Please reproduce the entries below exactly as they stand, but leave the pictures out.

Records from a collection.

--- --- ---

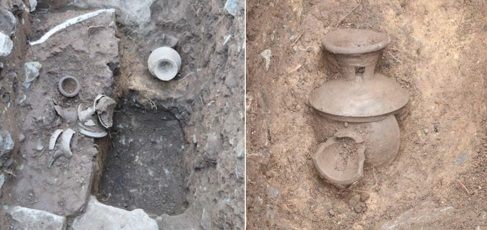 부산 서구 천마산에서 발굴된 토기의 출토 당시 모습. 6세기 중반 삼국~통일신라께 사용되던 것으로 추정된다. 서구청 제공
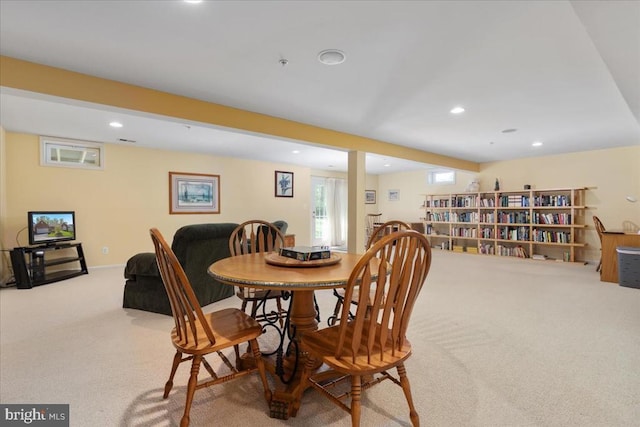  - dining space with carpet flooring and recessed lighting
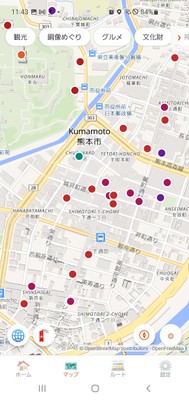 地図上の観光スポット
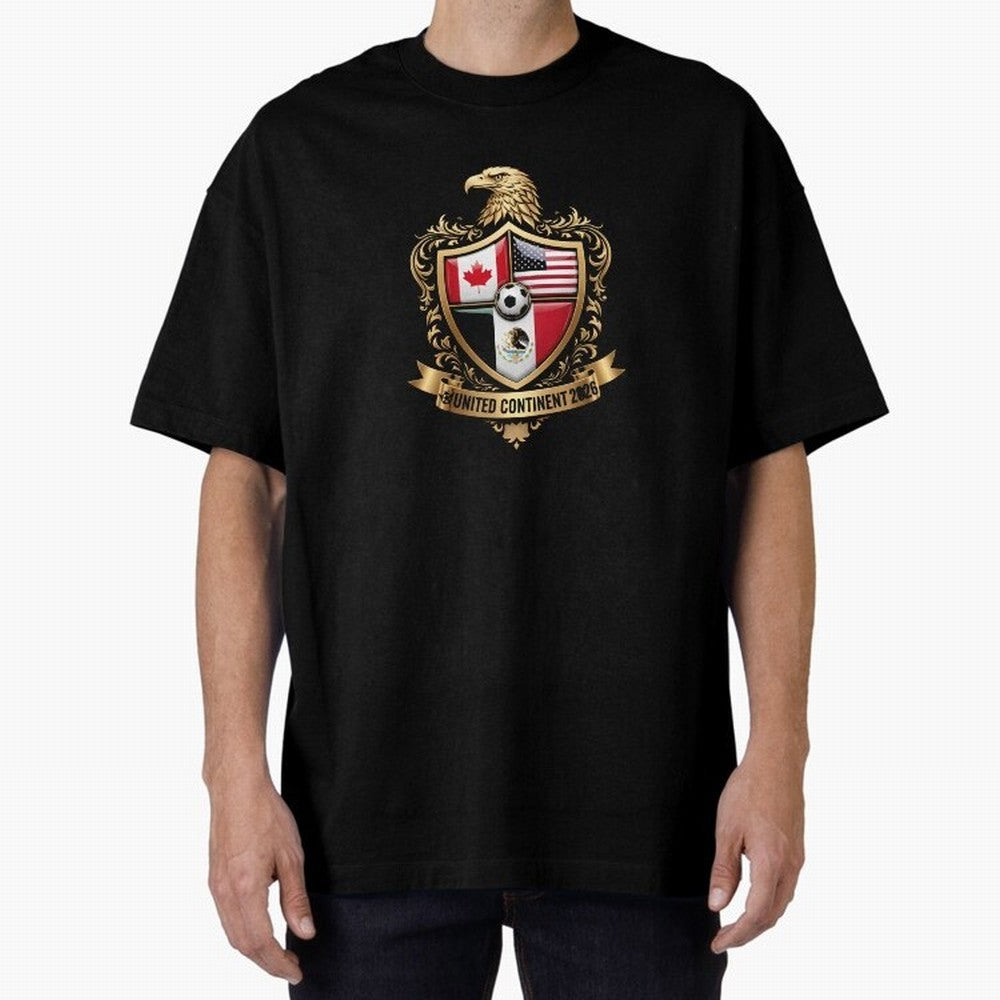 Golden Continental Eagle Soccer World Cup Crest 2026 T-Shirt_83050983 Classic T-Shirt Support FIFA World Cup 2026 USA Canada Mexico Inspired by Mbappe, Portugal Energy, Retro Football Energy, Iconic Rivalries, Trophy Chase Drama and Stadium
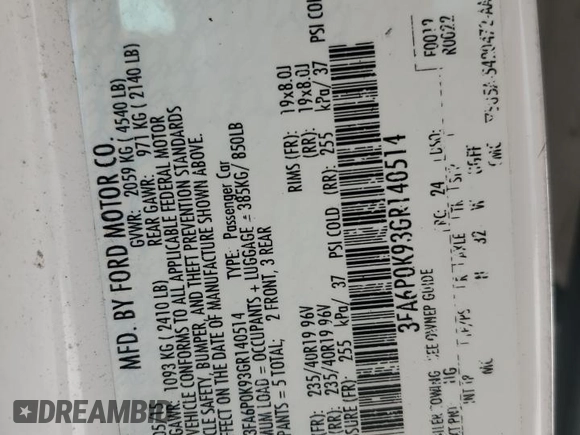 2016 Ford Fusion Titanium with VIN 3FA6P0K93GR140514, listed as a Copart auction lot 63153755 with 109,072 mi miles and Salvage title. Bid and sale history available at DreamBid. Image 13.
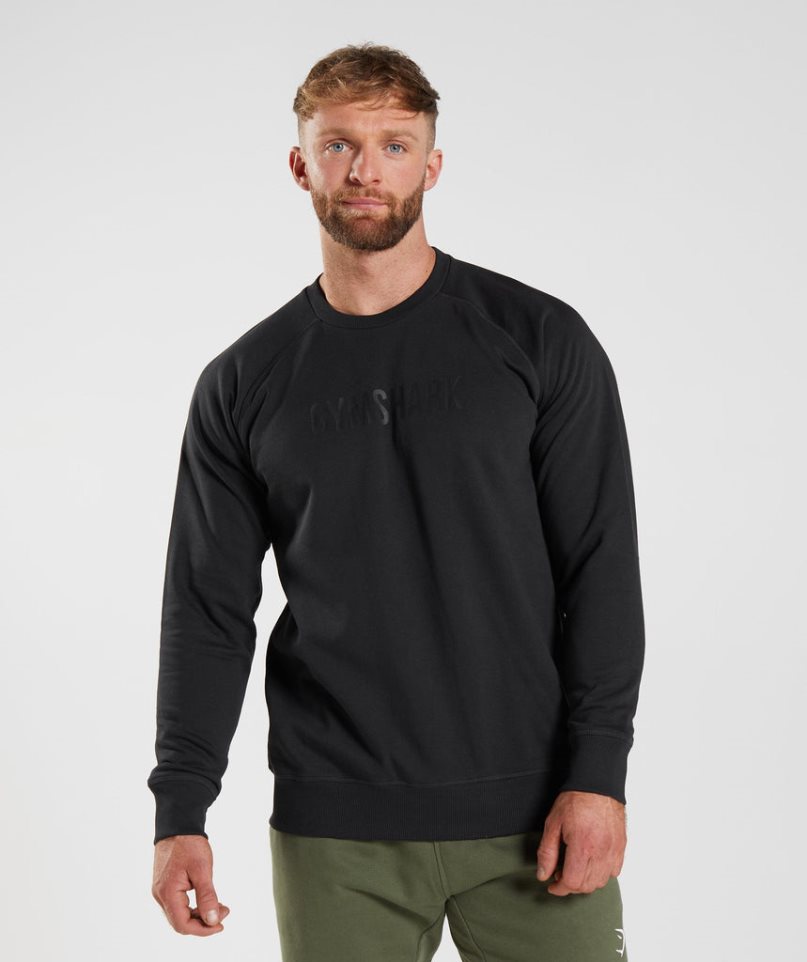 Gymshark Apollo Crew Férfi Pulóverek Fekete | HU-C-417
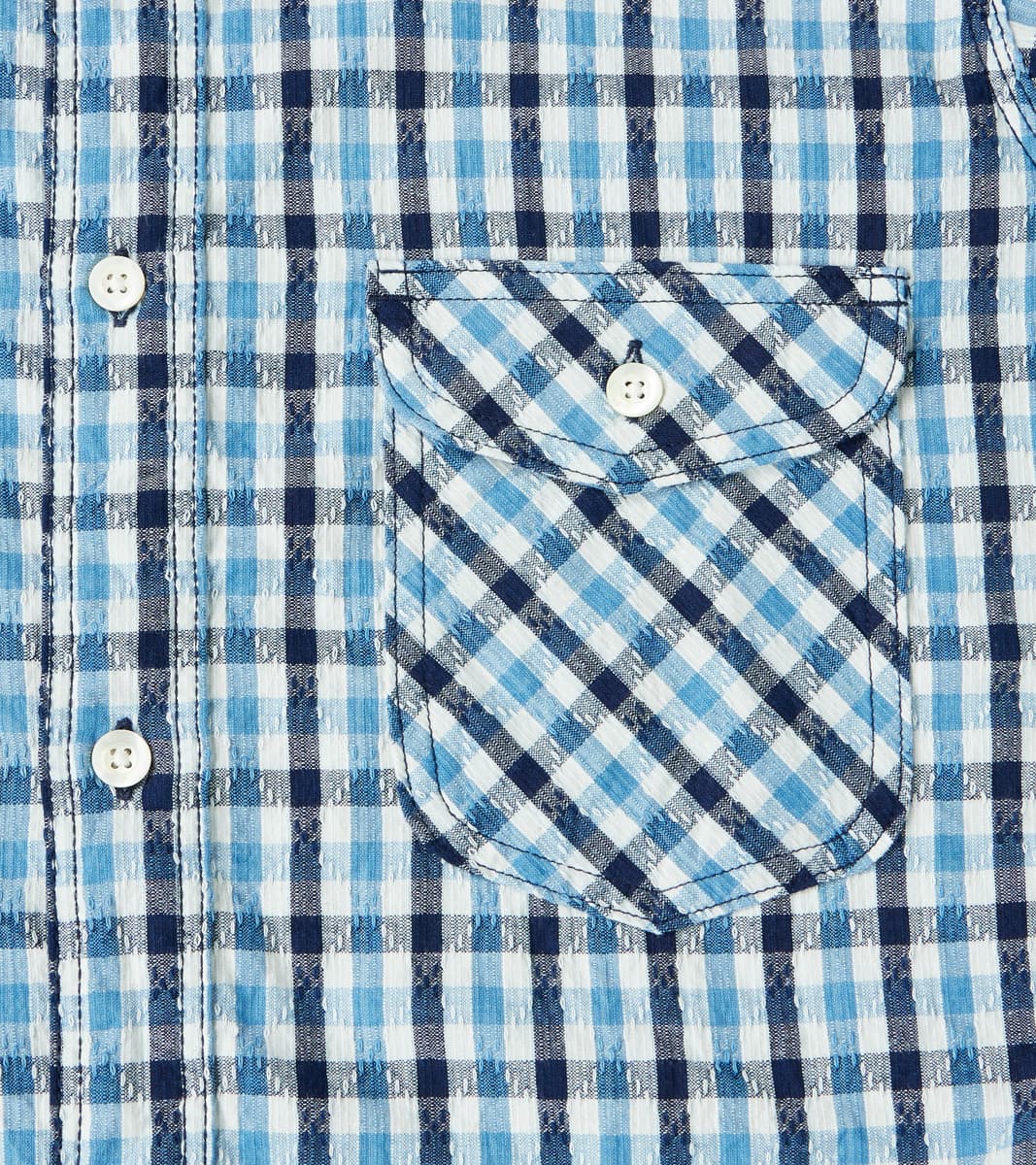 SSS25-CSW Natural Indigo Dyed Sashiko Gingham Check Work Shirt
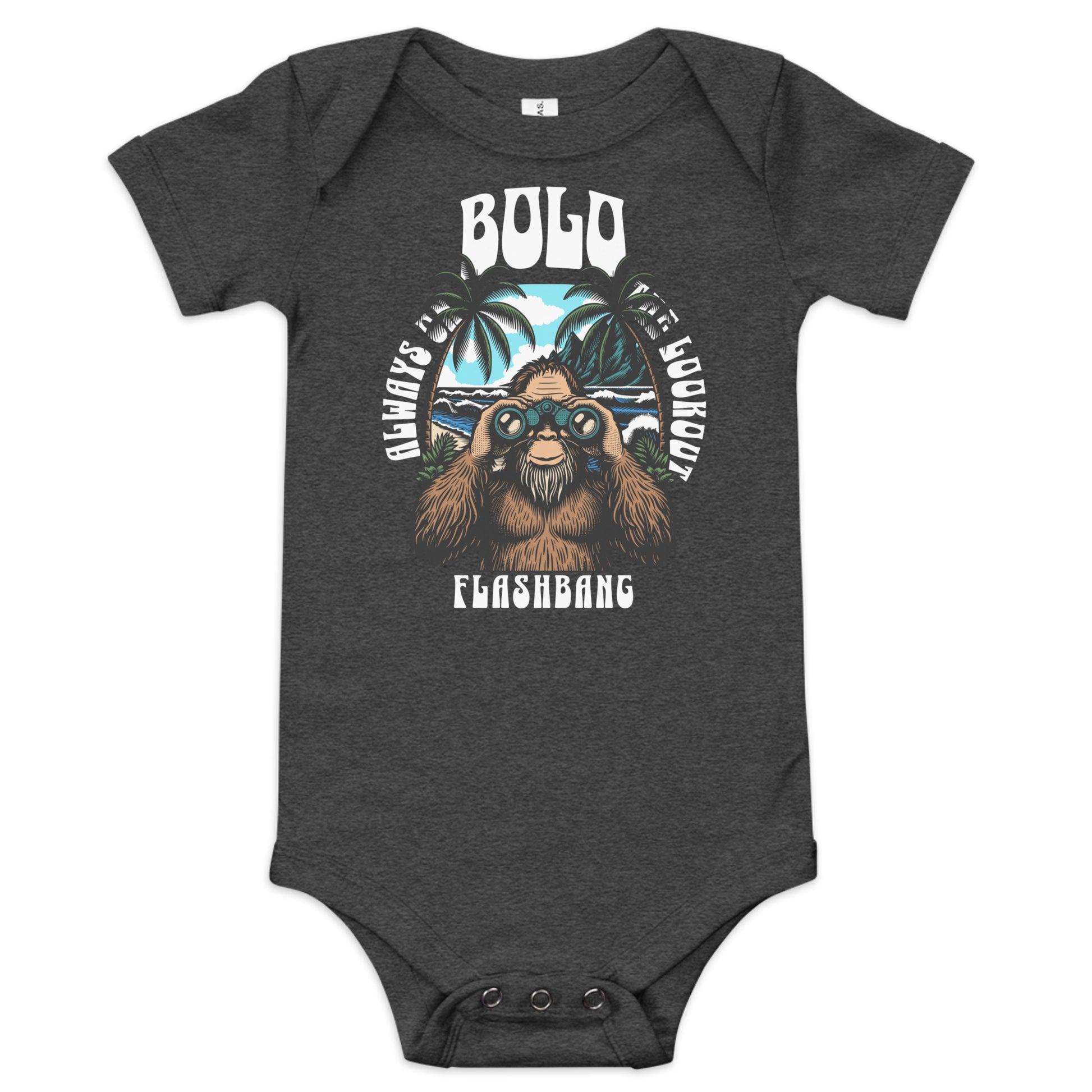 Dark gray baby onesie with a graphic design on a white background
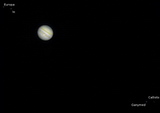 Jupiter mit galileischen Monden mit 8Zoll Orion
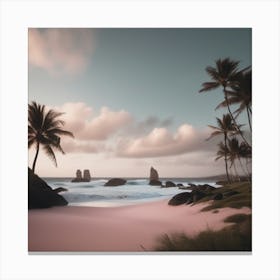 Sunset On The Beach Stunning Landscape Canvas Print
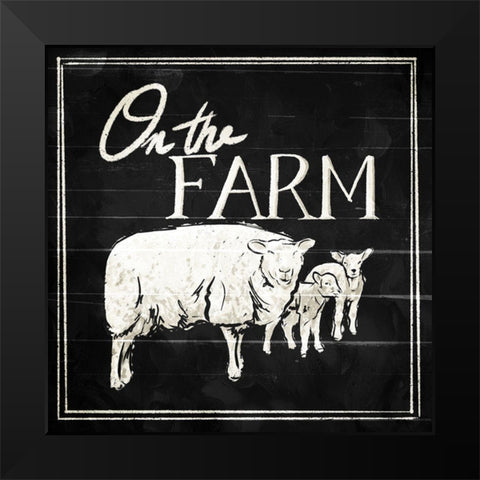 On The Farm Black Modern Wood Framed Art Print by Villa, Mlli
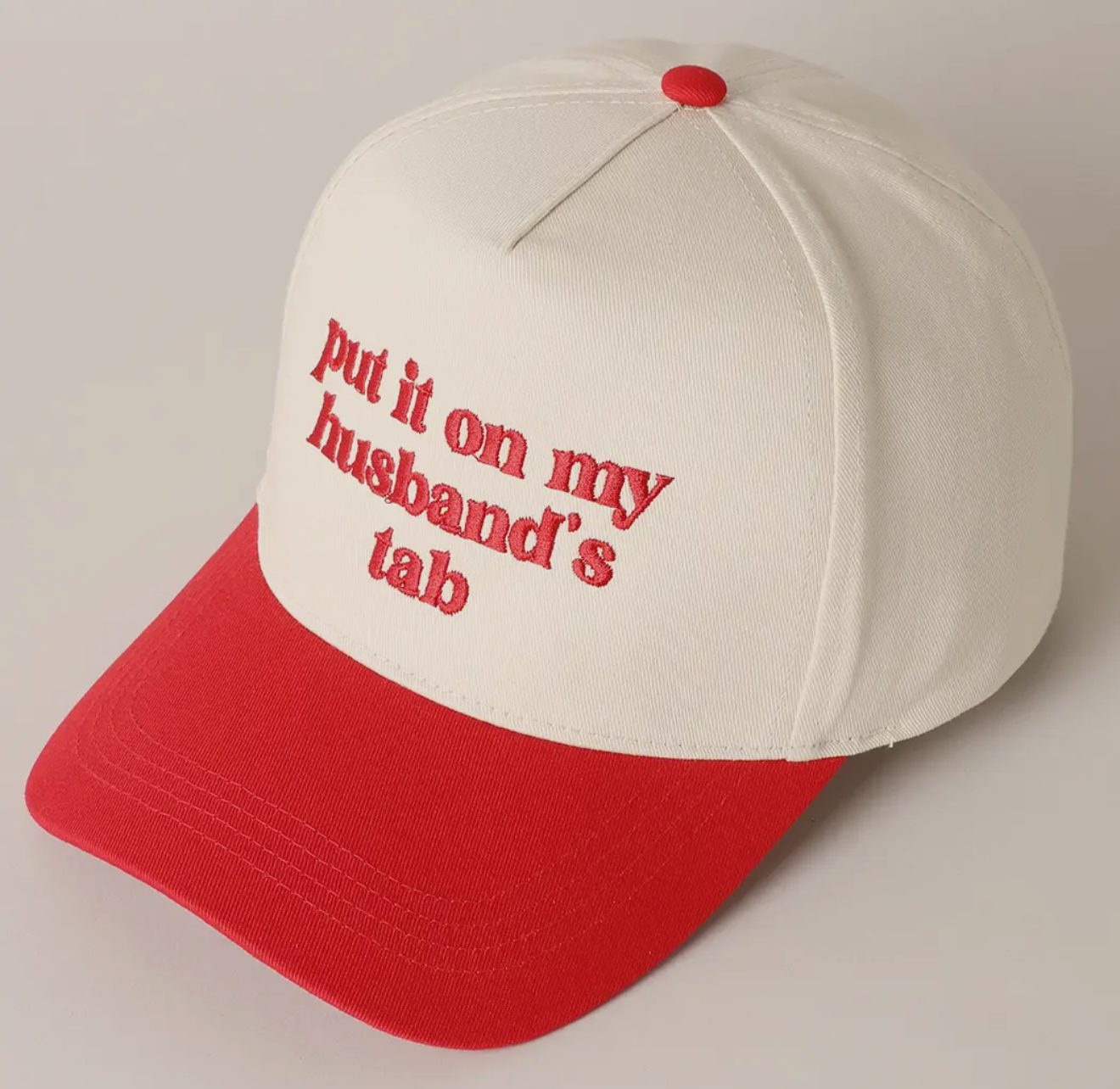 Put it on my Husband's Tab Embroidered Canvas Trucker Hat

--- --- ---

The completed task.
 부산 서구 천마산에서 발굴된 토기의 출토 당시 모습. 6세기 중반 삼국~통일신라께 사용되던 것으로 추정된다. 서구청 제공
  - dining space with carpet flooring and recessed lighting
 地図上の観光スポット
 Golden Continental Eagle Soccer World Cup Crest 2026 T-Shirt_83050983 Classic T-Shirt Support FIFA World Cup 2026 USA Canada Mexico Inspired by Mbappe, Portugal Energy, Retro Football Energy, Iconic Rivalries, Trophy Chase Drama and Stadium
 2016 Ford Fusion Titanium with VIN 3FA6P0K93GR140514, listed as a Copart auction lot 63153755 with 109,072 mi miles and Salvage title. Bid and sale history available at DreamBid. Image 13.
 Gymshark Apollo Crew Férfi Pulóverek Fekete | HU-C-417
 SSS25-CSW Natural Indigo Dyed Sashiko Gingham Check Work Shirt
 Dark gray baby onesie with a graphic design on a white background
 Jupiter mit galileischen Monden mit 8Zoll Orion
 Sunset On The Beach Stunning Landscape Canvas Print
 On The Farm Black Modern Wood Framed Art Print by Villa, Mlli
 Put it on my Husband's Tab Embroidered Canvas Trucker Hat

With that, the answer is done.